Before Jack Sharp happened to visit K’Tarsis, the planet had survived some very strange events meant to dramatically impact its history. We wouldn’t have learned about it, hadn’t one character of this very special world been leading his diary which we were lucky to find. The diary is damaged and the entries are encoded, yet we try our best to recover and decode the texts. We are going to keep you informed about our progress. Today we would like to show you one record we’ve just handled. The date of the record suggests that it is no way the first one.
- Beginning of the message –
I rue the day when my mother with just another bunch of scared and exhausted by the journey travelers set her foot from the ramp of the free space-trader on the surface of this damn planet. So she had her reasons while I had no choice. At least I – being only a year and something – survived during the journey. The spacers claimed it was a miracle for little children were most unlikely to live in such flights. Still for me it was nothing but a bitter irony of fate. I was born in Citadel and have a citizenship of the Empire, but who cares? Just another trigger for the grudge of the locals.
The outskirts for such poor unfortunate souls as me and my mother were according to the sweet-voiced recruiters nothing but the land of promise. Sure, a certain chance to kick the bucket in reality. Some even might be lucky to do it quick while the others have to pay up their naivety by the long years of the back-breaking work and hand-to-mouth existence. I have to admit that during the last 20 years the number of ways to end up worm food has increased dramatically. Now we are not to complain about the lack of variety. You just need to leave the guarded area and you already take a risk of having most unpredictable journey to heaven. I’d even say unforgettable one. Anyway, that is already another story which is not to mention unless you are looking for trouble.
The Confederation had been offering carefree existence in this “paradise”, still the very early days I remember proved it was a dumpy place. Tarsis 853 K… this mysterious combination of letters and digits revealed a god’s forgotten dusty globe, which among all the good things had only the atmosphere more or less suitable for breathing, as well as plants and animals from the Earth somehow genetically adjusted to the local climate. Though they hadn’t been very successfully adjusted and by far not everywhere. We just have the air to breathe and something to eat. This is, of course, in case we can force these damn hybrids to fruit on the local soils and under the local sun. Either such gardening or working in the mine. Nothing else to do.

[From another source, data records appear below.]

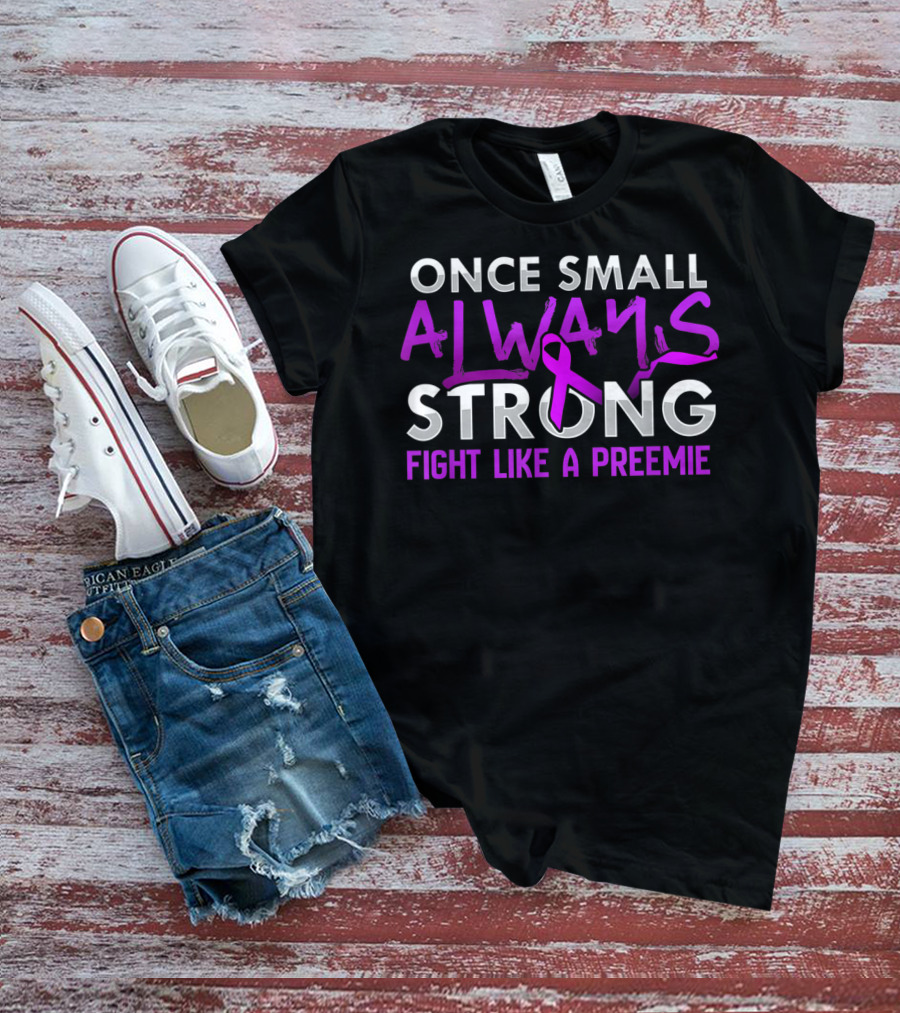 Once Small Always Strong Fight Like A Preemie T-Shirt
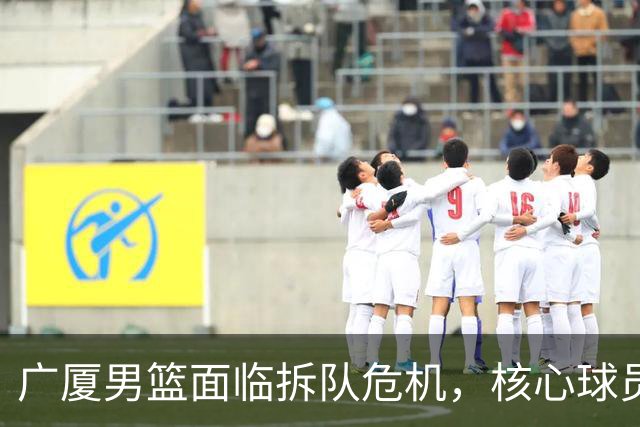 广厦男篮面临拆队危机，核心球员仅胡金秋与孙铭徽“非卖品”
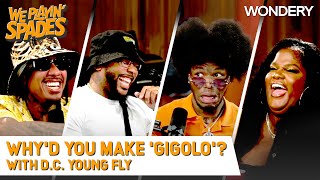 “Why’d You Make ‘Gigolo’” With DC Young Fly  We Playin Spades  Podcast [upl. by Ethelda]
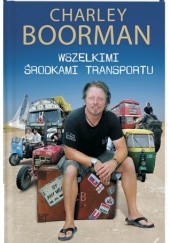 Okładka książki Wszelkimi środkami transportu Charley Boorman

I haven’t witnessed the high-day of the Rush and the tremendous inflow of the luck-hunters. Already at that time the colony was agonising, abandoned to the mercy of chance by those who had been picturing it in their commercials. All I can recall is a slow decline. The constant shortage of something vital: chow-down that would do, medicines, booze, bullets, spare parts. Only free-trades hardly managing to make ends meet would land here, and at times corporate ore carriers. Decent merchants wouldn’t land there for all the booties of the dusty planet. Doom and gloom, to cut the long story short. No longer were we dreaming about easy money, the new El Dorado – all of a sudden discovered goldmine, no longer gabbling about purest antigravium nuggets to match the size of an abory’s green butt.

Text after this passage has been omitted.